Non è quindi casuale se la ministra distingue “l’universalismo forte” che darebbe “tutto a tutti a prescindere dai bisogni” e “l’universalismo mitigato” che invece dovrebbe dare in modo selettivo “prestazioni necessarie a chi ne ha effettivamente bisogno”. Altra stranezza è che la sua conclusione alla fine, è del tutto sovrapponibile a quella del “libro bianco”, e cioè che “il modello organizzativo e strutturale del Servizio sanitario nazionale va rivisto”.

Probabilmente la ministra pensa a un repechage del “libro bianco” del governo Berlusconi del 2009 e della teoria dell’universalismo selettivo e a trasformare il sistema sanitario nazionale in un “sistema multipilastro”, fondato non più sui diritti ma sulle “ possibilità di spesa dei cittadini” quindi poco pubblico, molte mutue e assicurazioni private.

Vorrei ricordare che il “libro bianco” per la sanità oltre all’universalismo selettivo prevedeva altre due cose molto pericolose: “il federalismo sostenibile responsabile” cioè il poter scaricare la spesa sanitaria interamente sulle Regioni e sui cittadini, e di calcolare le risorse necessarie attraverso “costi standard” che se non rispettati avrebbero obbligato la Regione ad “aumenti della pressione fiscale, nello spostamento di risorse all’interno del bilancio, o in compartecipazioni da parte dei fruitori”. Naturalmente aspetteremo di saperne di più sulle intenzioni della ministra Lorenzin, ma tanto vale la regola delle mani avanti per non cadere indietro: se la proposta fosse il “repechage” del libro bianco del 2009 avremmo a che fare con uno degli attacchi più significativi al diritto alla salute degli ultimi 30 anni.

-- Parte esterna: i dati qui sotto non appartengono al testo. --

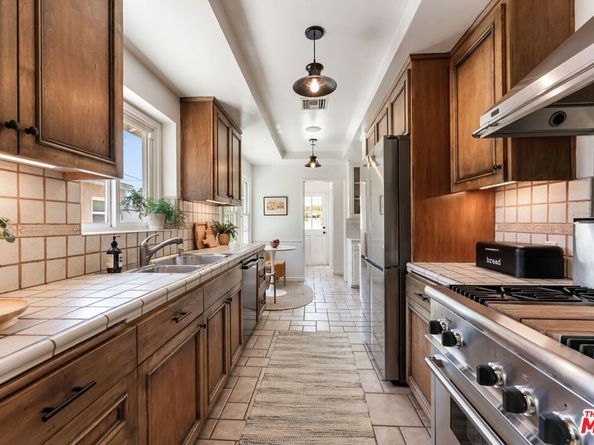 4169 Vinton Avenue, Culver City CA 90232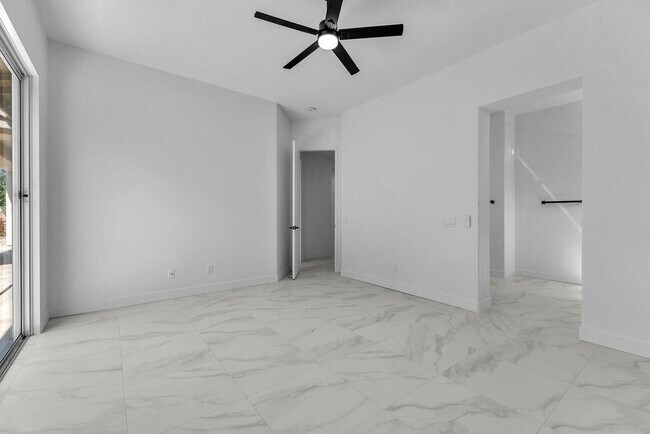 Building Photo - 74613 Waterlily Cir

Mi delude che una giovane ministra, una faccia nuova della politica, si riduca a ripescare la frustra idea liberista della incompatibilità e insostenibilità dell’universalismo con l’economia. E’ davvero un rottame ideologico che neanche più l’economia sostiene perché in realtà è esattamente il contrario. L’universalismo non può essere selettivo perché se lo fosse non sarebbe più universalismo. Trovo antistorico che il governo Berlusconi del 2009 in tema di sanità decida l’agenda del governo Letta nel 2013 e drammatico che si risponda ad un grande bisogno di cambiamento espresso dalla nostra società ripescando un frustro e vieto liberismo. La gente non ha gli occhi per piangere a milioni abbandonano le cure e togliere loro la sanità pubblica mi sembra criminale.

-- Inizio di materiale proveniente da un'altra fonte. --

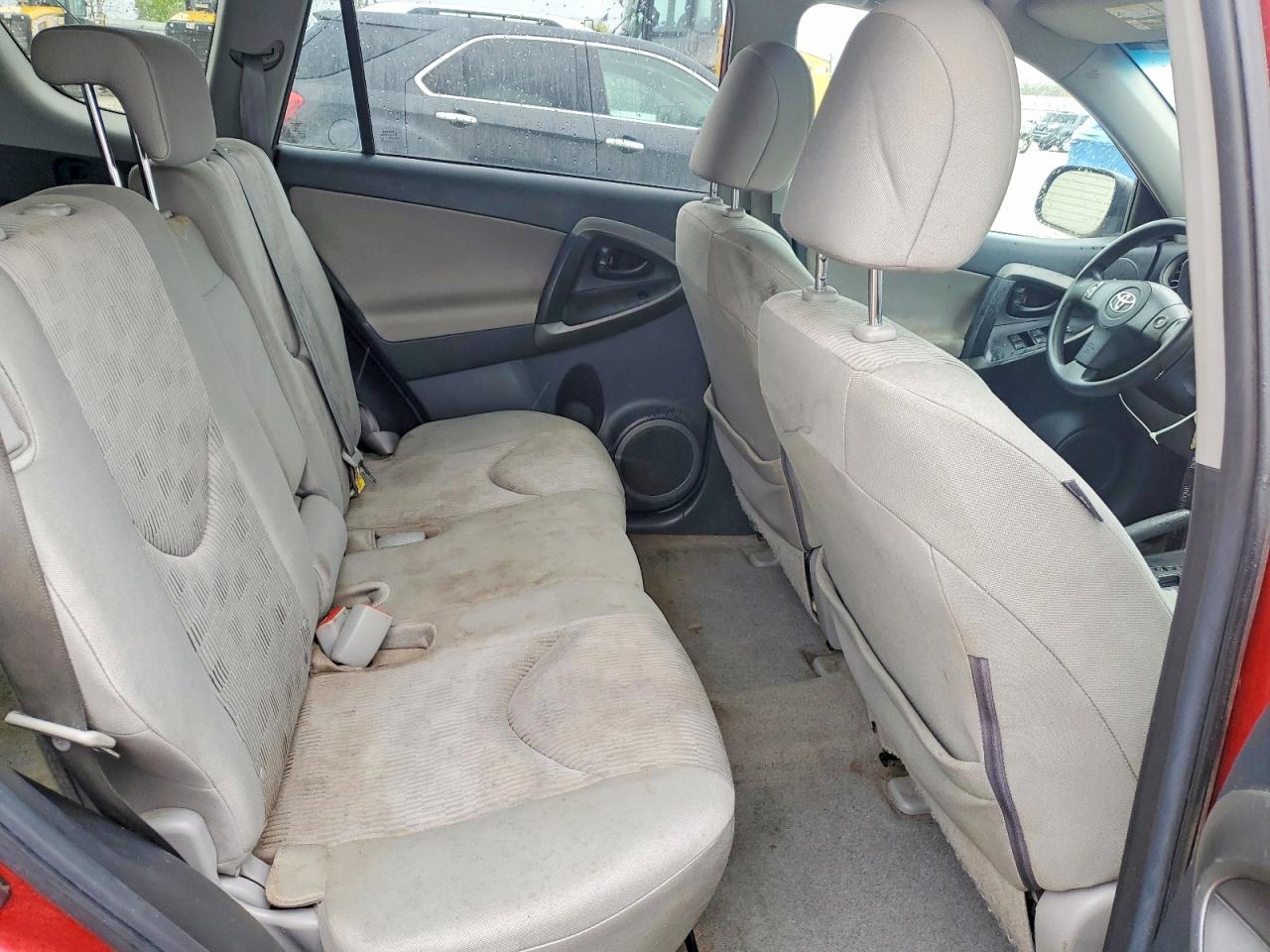 Toyota RAV4 Base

Per di più sono molto colpito e preoccupato da una inquietante coincidenza: pochi giorni dopo l’approvazione del libro bianco sulla sanità da parte del governo Berlusconi il presidente Letta in una relazione fatta come responsabile del Welfare al Pd (La sanità che vogliamo 14 maggio 2009) , sul libro bianco esprimeva il proprio apprezzamento :” il governo Berlusconi, almeno in campo sanitario, ha già reso esplicita la sua scelta nel libro verde … e sta operando con misure coerenti”. Infine una chicca storica che riguarda niente meno che il mentore del presidente Letta, il compianto ministro del tesoro Andreatta, che il 4 ottobre del 1980, sulla sanità pubblica poco dopo la nascita del sistema sanitario nazionale dichiarò “o cambiamo il sistema o il sistema cambierà noi, cioè ci porterà fuori dalla democrazia”.